= Records shown =
========================================

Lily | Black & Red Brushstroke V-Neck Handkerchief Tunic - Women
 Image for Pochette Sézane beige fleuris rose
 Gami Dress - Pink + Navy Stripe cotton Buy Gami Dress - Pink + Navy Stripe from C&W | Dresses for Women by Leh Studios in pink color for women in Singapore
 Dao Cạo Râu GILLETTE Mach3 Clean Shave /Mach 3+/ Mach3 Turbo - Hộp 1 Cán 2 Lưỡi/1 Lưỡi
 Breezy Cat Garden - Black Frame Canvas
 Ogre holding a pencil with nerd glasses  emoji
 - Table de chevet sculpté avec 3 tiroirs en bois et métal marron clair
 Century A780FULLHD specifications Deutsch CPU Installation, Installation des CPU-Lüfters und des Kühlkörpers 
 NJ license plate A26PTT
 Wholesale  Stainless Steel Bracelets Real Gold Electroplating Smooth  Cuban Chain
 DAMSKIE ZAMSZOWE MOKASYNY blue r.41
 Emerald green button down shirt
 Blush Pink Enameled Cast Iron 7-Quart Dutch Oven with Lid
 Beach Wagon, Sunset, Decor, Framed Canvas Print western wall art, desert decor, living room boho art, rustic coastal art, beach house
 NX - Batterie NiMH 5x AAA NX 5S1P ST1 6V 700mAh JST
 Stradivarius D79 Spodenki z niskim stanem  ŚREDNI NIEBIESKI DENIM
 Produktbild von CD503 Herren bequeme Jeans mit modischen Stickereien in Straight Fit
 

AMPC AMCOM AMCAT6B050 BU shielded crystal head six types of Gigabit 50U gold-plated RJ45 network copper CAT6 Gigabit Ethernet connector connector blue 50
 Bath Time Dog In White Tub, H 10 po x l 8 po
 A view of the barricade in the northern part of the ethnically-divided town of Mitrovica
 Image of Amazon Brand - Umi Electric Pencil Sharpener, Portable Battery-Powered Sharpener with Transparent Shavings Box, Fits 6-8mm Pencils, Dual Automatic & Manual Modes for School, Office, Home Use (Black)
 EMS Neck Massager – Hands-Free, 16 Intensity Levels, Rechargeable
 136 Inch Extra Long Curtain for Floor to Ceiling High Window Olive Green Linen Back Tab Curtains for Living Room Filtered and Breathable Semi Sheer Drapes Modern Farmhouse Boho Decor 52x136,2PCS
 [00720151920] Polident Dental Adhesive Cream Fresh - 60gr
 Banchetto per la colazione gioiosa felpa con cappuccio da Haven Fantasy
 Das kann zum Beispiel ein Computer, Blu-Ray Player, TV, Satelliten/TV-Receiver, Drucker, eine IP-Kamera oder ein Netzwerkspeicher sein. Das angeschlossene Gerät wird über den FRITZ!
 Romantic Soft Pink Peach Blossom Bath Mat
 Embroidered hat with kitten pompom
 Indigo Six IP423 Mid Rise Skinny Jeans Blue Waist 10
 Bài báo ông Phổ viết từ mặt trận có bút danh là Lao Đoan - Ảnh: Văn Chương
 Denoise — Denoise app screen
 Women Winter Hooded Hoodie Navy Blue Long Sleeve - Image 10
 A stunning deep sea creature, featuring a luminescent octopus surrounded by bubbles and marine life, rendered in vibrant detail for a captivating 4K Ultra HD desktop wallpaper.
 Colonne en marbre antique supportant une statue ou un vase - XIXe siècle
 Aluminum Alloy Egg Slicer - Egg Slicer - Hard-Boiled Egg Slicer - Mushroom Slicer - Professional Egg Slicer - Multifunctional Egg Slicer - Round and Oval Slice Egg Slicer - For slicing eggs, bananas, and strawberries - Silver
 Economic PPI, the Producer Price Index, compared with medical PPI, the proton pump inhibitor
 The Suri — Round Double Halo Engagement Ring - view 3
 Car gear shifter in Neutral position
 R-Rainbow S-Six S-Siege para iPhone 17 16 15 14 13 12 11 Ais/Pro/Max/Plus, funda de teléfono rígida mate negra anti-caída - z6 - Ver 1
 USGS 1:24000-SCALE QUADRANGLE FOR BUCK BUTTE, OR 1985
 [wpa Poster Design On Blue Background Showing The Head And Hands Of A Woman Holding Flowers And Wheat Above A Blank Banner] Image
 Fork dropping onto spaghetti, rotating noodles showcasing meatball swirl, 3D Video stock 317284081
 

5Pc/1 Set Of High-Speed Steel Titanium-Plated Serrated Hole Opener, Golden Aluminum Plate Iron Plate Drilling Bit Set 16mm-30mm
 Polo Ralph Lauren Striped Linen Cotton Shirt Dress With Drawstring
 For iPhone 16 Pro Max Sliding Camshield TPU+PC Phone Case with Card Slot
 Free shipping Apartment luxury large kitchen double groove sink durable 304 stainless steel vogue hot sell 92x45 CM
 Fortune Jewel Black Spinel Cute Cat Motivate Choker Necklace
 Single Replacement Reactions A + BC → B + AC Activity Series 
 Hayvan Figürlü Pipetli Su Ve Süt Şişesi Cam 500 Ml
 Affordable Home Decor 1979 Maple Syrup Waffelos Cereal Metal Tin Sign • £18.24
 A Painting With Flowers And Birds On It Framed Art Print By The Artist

========================================

= Work required =
Starting at the line that contains "[wpa Poster Design", retype each line through the last one in the records, both included, and add nothing.

= Your response =
 [wpa Poster Design On Blue Background Showing The Head And Hands Of A Woman Holding Flowers And Wheat Above A Blank Banner] Image
 Fork dropping onto spaghetti, rotating noodles showcasing meatball swirl, 3D Video stock 317284081
 

5Pc/1 Set Of High-Speed Steel Titanium-Plated Serrated Hole Opener, Golden Aluminum Plate Iron Plate Drilling Bit Set 16mm-30mm
 Polo Ralph Lauren Striped Linen Cotton Shirt Dress With Drawstring
 For iPhone 16 Pro Max Sliding Camshield TPU+PC Phone Case with Card Slot
 Free shipping Apartment luxury large kitchen double groove sink durable 304 stainless steel vogue hot sell 92x45 CM
 Fortune Jewel Black Spinel Cute Cat Motivate Choker Necklace
 Single Replacement Reactions A + BC → B + AC Activity Series 
 Hayvan Figürlü Pipetli Su Ve Süt Şişesi Cam 500 Ml
 Affordable Home Decor 1979 Maple Syrup Waffelos Cereal Metal Tin Sign • £18.24
 A Painting With Flowers And Birds On It Framed Art Print By The Artist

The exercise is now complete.